→ Material provided:
◇ ◇ ◇

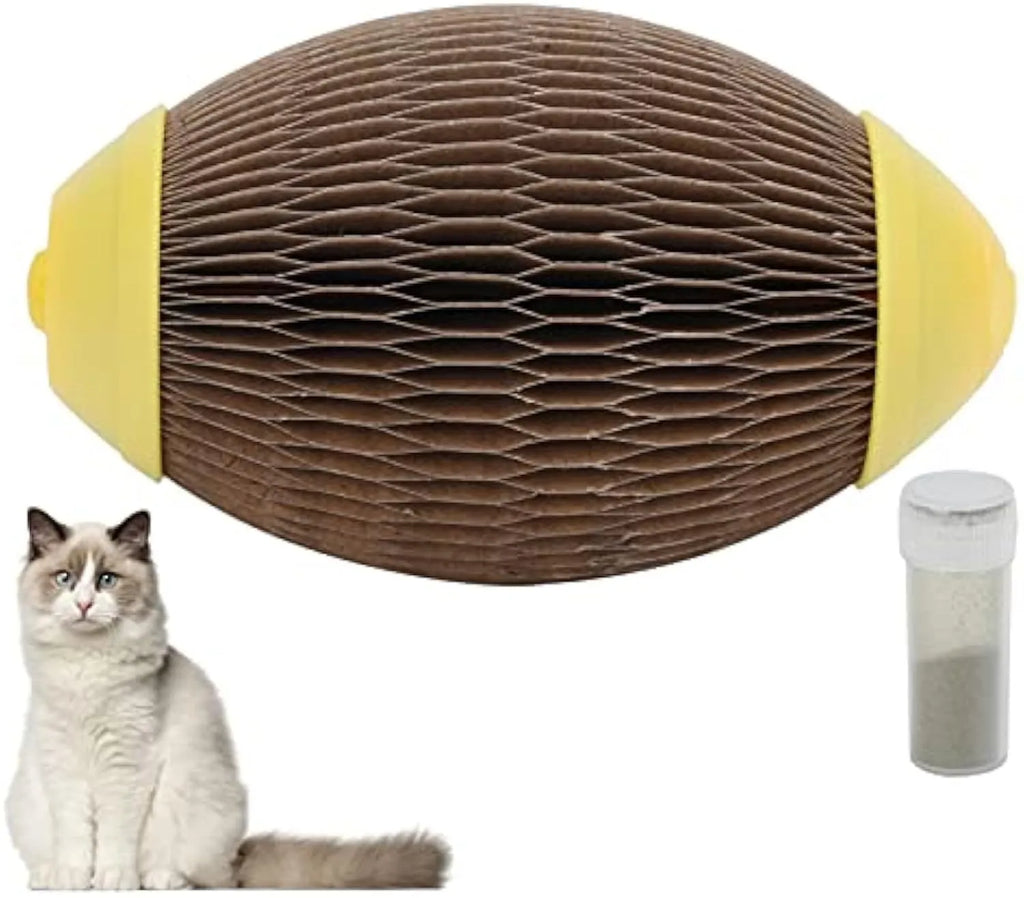 Elliptical corrugated paper catnip football toy with textured scratch surface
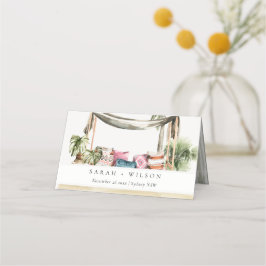 Palm Beach Tropical Palm Beach Cabana Wedding Platzkarte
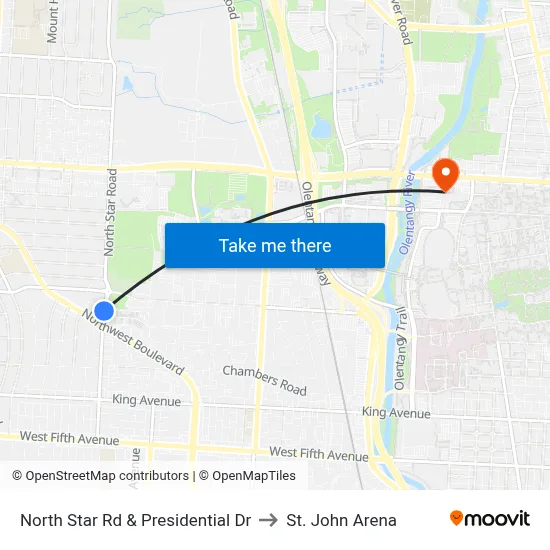 North Star Rd & Presidential Dr to St. John Arena map
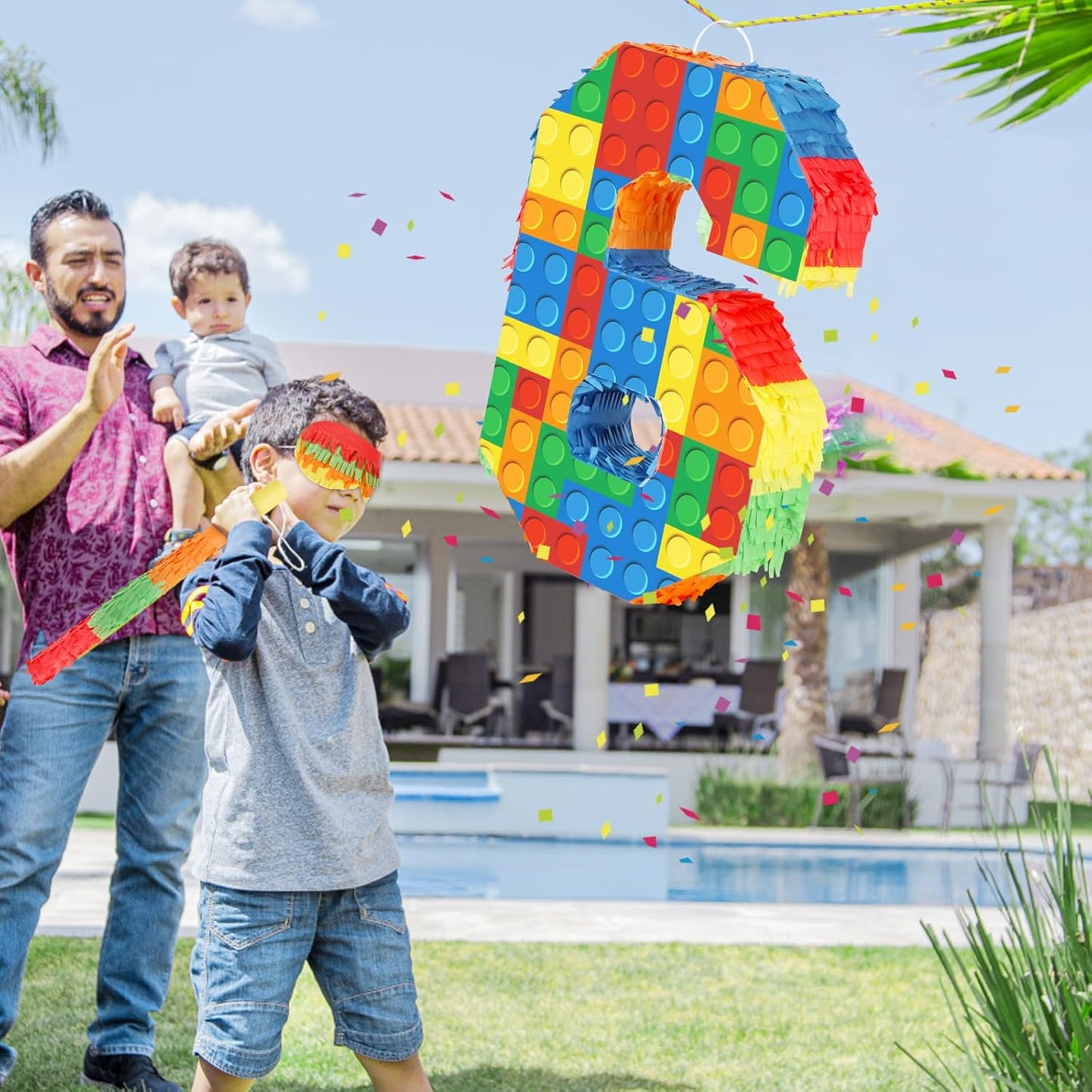 Number 7 Pinata Building Blocks with Pinata Stick Blindfold 7th Birthday Party Decorations Happy Birthday Building Block Theme Anniversary Party Supplies for Kids (Small, 16 x 10.6 x 3 in)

◇ ◇ ◇

→ Work instruction: Please take the lines from the beginning of the data above through the line holding "North Star Rd" and transcribe them exactly, without any pictures.

→ Your response:
 Elliptical corrugated paper catnip football toy with textured scratch surface
 Palm Beach Tropical Palm Beach Cabana Wedding Platzkarte
 North Star Rd & Presidential Dr to St. John Arena map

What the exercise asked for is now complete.